● Task to complete
Copy every record that appears below, exactly as it stands.

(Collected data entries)
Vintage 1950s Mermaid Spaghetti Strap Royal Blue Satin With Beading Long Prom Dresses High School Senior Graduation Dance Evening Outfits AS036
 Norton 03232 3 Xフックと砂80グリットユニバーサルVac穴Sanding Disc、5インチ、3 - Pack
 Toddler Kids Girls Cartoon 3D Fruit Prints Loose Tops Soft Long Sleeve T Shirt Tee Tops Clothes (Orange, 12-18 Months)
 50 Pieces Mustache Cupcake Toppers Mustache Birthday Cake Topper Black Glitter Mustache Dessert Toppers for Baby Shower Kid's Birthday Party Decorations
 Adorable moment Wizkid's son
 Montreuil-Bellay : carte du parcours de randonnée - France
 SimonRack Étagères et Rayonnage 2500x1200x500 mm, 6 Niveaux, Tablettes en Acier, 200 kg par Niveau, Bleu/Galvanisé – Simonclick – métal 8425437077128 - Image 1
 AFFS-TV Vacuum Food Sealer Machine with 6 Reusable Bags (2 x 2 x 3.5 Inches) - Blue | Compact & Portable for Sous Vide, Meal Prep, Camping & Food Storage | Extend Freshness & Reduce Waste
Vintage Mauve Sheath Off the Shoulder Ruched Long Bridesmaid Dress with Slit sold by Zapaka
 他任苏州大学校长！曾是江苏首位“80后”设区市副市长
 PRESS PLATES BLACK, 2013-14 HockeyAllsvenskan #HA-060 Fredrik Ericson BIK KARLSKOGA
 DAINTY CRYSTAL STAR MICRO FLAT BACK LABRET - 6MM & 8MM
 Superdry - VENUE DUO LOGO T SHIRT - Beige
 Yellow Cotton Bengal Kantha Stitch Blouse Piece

● Your solution
Vintage 1950s Mermaid Spaghetti Strap Royal Blue Satin With Beading Long Prom Dresses High School Senior Graduation Dance Evening Outfits AS036
 Norton 03232 3 Xフックと砂80グリットユニバーサルVac穴Sanding Disc、5インチ、3 - Pack
 Toddler Kids Girls Cartoon 3D Fruit Prints Loose Tops Soft Long Sleeve T Shirt Tee Tops Clothes (Orange, 12-18 Months)
 50 Pieces Mustache Cupcake Toppers Mustache Birthday Cake Topper Black Glitter Mustache Dessert Toppers for Baby Shower Kid's Birthday Party Decorations
 Adorable moment Wizkid's son
 Montreuil-Bellay : carte du parcours de randonnée - France
 SimonRack Étagères et Rayonnage 2500x1200x500 mm, 6 Niveaux, Tablettes en Acier, 200 kg par Niveau, Bleu/Galvanisé – Simonclick – métal 8425437077128 - Image 1
 AFFS-TV Vacuum Food Sealer Machine with 6 Reusable Bags (2 x 2 x 3.5 Inches) - Blue | Compact & Portable for Sous Vide, Meal Prep, Camping & Food Storage | Extend Freshness & Reduce Waste
Vintage Mauve Sheath Off the Shoulder Ruched Long Bridesmaid Dress with Slit sold by Zapaka
 他任苏州大学校长！曾是江苏首位“80后”设区市副市长
 PRESS PLATES BLACK, 2013-14 HockeyAllsvenskan #HA-060 Fredrik Ericson BIK KARLSKOGA
 DAINTY CRYSTAL STAR MICRO FLAT BACK LABRET - 6MM & 8MM
 Superdry - VENUE DUO LOGO T SHIRT - Beige
 Yellow Cotton Bengal Kantha Stitch Blouse Piece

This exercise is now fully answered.